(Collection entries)
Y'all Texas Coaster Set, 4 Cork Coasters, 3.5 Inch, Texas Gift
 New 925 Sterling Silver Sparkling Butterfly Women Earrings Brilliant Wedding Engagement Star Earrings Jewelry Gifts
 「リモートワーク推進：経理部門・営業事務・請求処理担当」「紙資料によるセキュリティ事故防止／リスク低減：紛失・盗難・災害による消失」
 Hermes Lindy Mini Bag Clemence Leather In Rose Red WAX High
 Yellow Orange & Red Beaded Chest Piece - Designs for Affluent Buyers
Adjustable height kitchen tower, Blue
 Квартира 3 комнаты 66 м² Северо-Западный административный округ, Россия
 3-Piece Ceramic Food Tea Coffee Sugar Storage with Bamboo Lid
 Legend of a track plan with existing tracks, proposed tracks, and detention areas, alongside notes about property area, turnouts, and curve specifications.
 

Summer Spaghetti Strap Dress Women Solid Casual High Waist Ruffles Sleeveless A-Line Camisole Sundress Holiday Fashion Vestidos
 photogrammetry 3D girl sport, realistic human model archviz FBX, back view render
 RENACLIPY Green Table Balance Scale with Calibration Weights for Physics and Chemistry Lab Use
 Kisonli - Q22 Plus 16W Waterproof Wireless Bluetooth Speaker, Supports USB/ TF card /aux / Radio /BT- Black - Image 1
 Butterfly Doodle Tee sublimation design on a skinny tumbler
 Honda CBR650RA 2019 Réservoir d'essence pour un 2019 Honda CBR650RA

__Exercise brief__
Only the number is required: state how many lines of the entries hold the word "Piece".

__Written solution__
2